- Directed by: Sara Ogawa
- Written by: Sara Ogawa
- Produced by: Daiju Koide
- Starring: Miyu Ogawa Runa Hanada Tateto Serizawa
- Cinematography: Yutaka Yamazaki
- Music by: Takashi Watanabe
- Production company: Toei Company
- Release date: June 25, 2021;
- Running time: 76 minutes
- Country: Japan
- Language: Japanese

= The Goldfish: Dreaming of the Sea =

2021 film

The Goldfish: Dreaming of the Sea (海辺の金魚, Umibe no Kingyo) is a 2021 Japanese dramatic film directed by Sara Ogawa. and starring Miyu Ogawa and Runa Hanada After premiering at the 2021 Jeonju International Film Festival in South Korea, it was released in Japan on June 25, 2021.

== Plot ==
Hana is a high school student living in foster care after her mother's arrest ten years prior. As she is now 18, this will be her last summer living in the group home . In the home, she gradually befriends and tries to cares for Harumi, a young girl who struggles to adjust to the group home after being abused by her mother.

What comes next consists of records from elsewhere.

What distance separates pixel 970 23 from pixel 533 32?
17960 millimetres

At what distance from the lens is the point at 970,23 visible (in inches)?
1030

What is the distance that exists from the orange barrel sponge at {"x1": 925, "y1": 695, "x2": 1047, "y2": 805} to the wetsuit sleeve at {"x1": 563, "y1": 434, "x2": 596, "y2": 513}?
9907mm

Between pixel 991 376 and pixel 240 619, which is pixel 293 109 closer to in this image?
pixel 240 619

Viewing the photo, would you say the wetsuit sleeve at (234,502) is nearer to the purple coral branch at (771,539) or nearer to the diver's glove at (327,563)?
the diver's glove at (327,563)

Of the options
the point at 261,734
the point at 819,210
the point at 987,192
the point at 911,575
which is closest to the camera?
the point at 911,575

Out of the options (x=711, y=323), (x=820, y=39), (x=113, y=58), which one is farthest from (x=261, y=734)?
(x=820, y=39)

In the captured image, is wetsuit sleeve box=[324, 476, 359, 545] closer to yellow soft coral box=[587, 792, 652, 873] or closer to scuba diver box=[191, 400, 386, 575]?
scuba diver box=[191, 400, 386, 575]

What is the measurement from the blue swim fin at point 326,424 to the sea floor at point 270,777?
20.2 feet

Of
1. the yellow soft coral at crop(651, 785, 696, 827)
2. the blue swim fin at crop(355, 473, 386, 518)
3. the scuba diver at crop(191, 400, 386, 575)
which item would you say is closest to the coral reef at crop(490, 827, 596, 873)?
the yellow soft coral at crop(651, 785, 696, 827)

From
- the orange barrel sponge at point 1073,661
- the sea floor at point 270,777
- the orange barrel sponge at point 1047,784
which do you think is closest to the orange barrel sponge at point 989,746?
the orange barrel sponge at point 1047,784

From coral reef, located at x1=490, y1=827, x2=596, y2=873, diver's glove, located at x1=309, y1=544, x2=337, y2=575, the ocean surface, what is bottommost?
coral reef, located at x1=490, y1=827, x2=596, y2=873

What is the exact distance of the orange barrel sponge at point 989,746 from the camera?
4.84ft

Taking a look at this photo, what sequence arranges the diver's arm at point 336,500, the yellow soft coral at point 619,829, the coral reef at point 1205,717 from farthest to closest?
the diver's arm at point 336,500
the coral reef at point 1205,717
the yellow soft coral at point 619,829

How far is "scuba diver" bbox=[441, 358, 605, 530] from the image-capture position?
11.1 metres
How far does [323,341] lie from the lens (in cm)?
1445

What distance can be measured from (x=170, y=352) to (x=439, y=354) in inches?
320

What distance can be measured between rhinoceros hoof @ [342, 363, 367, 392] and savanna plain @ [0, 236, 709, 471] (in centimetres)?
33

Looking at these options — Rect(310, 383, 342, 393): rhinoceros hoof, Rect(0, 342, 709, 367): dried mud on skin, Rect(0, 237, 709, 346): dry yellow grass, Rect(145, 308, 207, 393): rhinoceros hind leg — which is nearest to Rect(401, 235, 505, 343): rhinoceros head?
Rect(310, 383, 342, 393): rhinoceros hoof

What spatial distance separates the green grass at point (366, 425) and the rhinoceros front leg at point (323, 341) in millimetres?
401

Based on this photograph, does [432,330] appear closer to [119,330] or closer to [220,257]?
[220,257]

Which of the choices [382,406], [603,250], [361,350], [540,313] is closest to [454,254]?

Eventually Harumi leaves foster care to be reunited with her mother, now released from prison. However, Hana is concerned she will continued to be abused by her mother and leaves to find her with the help of her friend Kanta.

== Cast ==

- Miyu Ogawa as Hana Setoguchi
- Runa Hanada as Harumi
- Tateto Serizawa as Tsutomu Takayama
- Nayuta Fukuzaki as Kanta Ōno

== Production ==
The Goldfish is Sara Ogawa's feature film debut as director. A novel of the same name, including four additional short stories, was written by Ogawa and published by Poplar Publishing Co., LTD on June 10, 2021.

== Reception ==
The film was screened at the 15th Japan Cuts film festival in the United States. After premiering at the Jeonju International Film Festival, it was chosen as part of Japan's Official Competition Selection at the Far East Film Festival in Udine, Italy.